Under this line is a listing; return exactly the lines starting at the one with "Discover Skeletons Skulls" and running down to the one with "Earth and cartoon", and leave out its pictures.
==== MATERIAL FOR THIS TASK ====
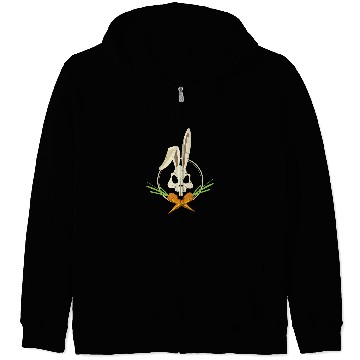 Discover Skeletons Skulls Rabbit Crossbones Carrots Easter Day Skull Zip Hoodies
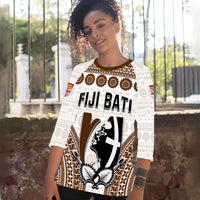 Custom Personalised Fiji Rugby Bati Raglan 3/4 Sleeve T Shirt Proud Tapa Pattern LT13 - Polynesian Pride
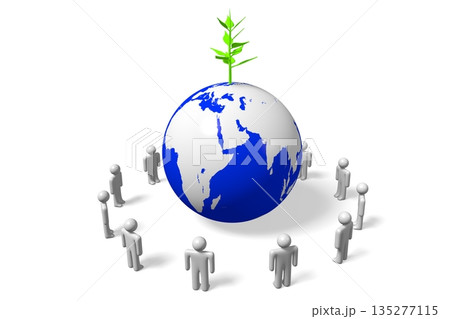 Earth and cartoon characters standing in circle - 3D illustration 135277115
====
==== MATERIAL FOR THIS TASK ====
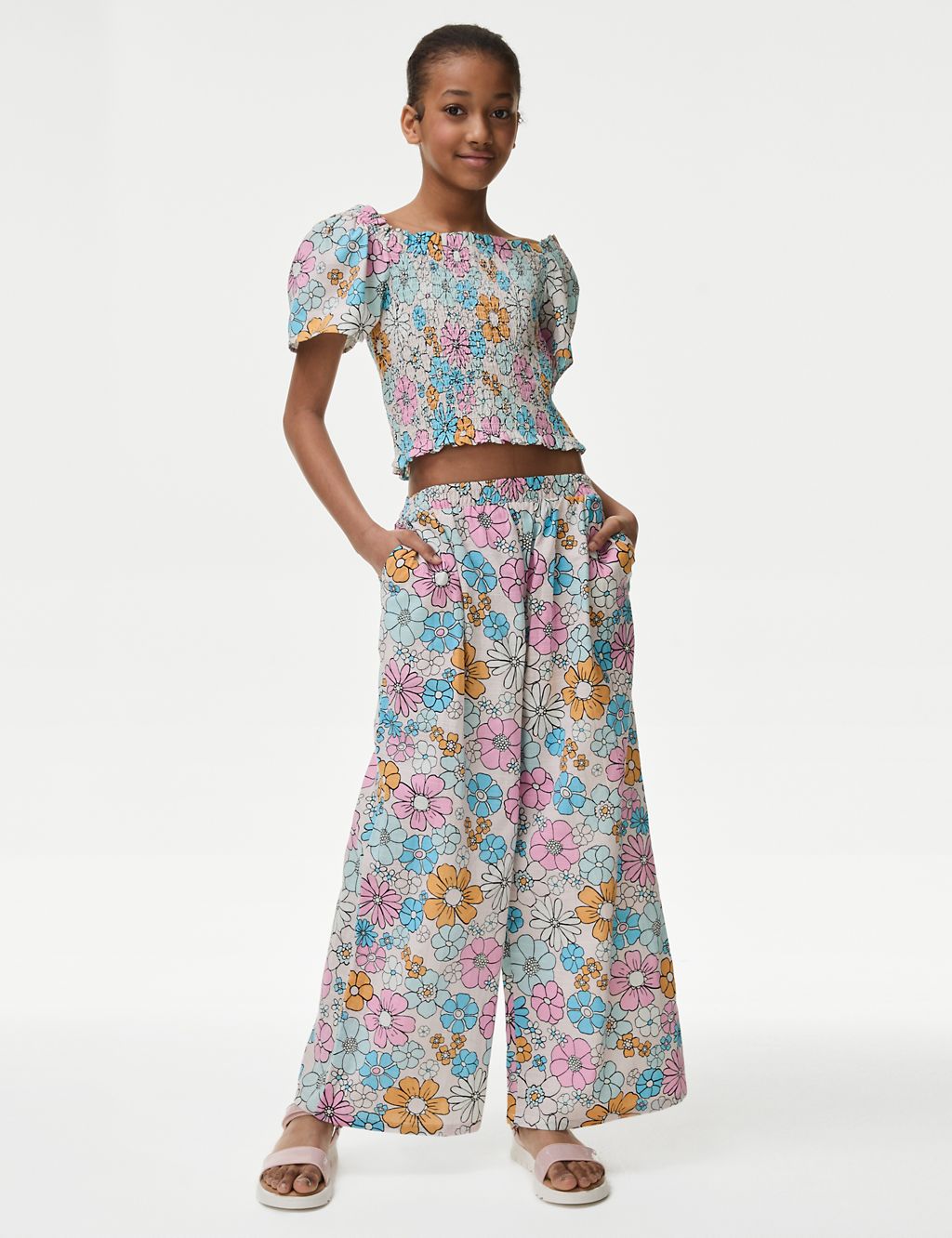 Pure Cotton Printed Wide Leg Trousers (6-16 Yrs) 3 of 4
====
==== MATERIAL FOR THIS TASK ====
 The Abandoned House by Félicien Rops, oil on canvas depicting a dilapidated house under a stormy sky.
====
> RESPONSE TO THIS TASK:
 Discover Skeletons Skulls Rabbit Crossbones Carrots Easter Day Skull Zip Hoodies
 Custom Personalised Fiji Rugby Bati Raglan 3/4 Sleeve T Shirt Proud Tapa Pattern LT13 - Polynesian Pride
 Earth and cartoon characters standing in circle - 3D illustration 135277115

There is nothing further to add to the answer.